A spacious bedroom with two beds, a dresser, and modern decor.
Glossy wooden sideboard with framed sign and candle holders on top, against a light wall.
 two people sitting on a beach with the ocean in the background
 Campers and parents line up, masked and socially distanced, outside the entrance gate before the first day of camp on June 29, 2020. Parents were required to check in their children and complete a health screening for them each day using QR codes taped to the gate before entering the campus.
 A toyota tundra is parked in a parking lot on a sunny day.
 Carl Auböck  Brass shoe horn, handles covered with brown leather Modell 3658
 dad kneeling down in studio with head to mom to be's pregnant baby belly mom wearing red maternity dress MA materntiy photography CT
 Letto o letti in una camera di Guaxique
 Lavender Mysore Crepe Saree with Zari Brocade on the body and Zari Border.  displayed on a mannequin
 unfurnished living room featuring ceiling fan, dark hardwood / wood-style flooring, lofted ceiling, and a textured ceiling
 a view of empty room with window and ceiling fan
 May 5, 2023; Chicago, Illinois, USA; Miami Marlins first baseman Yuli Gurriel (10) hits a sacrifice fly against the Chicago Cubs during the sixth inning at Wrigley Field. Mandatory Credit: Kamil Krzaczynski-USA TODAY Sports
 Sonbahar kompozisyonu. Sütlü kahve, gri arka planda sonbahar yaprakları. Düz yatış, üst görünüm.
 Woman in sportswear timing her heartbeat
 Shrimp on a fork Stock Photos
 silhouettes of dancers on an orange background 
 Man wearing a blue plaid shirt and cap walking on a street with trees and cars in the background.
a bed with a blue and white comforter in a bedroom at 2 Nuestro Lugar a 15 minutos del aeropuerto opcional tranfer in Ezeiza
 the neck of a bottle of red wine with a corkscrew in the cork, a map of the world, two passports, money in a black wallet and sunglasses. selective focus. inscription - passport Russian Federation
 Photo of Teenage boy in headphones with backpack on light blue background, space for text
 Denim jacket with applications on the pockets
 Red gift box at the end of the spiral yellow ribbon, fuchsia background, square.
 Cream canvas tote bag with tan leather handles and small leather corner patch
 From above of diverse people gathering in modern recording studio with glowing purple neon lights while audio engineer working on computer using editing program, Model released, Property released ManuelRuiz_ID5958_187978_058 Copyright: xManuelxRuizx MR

----

## Task goal
Whenever the word "handles" turns up in a line of the listing above, copy the line.

## Solution
 Carl Auböck  Brass shoe horn, handles covered with brown leather Modell 3658
 Cream canvas tote bag with tan leather handles and small leather corner patch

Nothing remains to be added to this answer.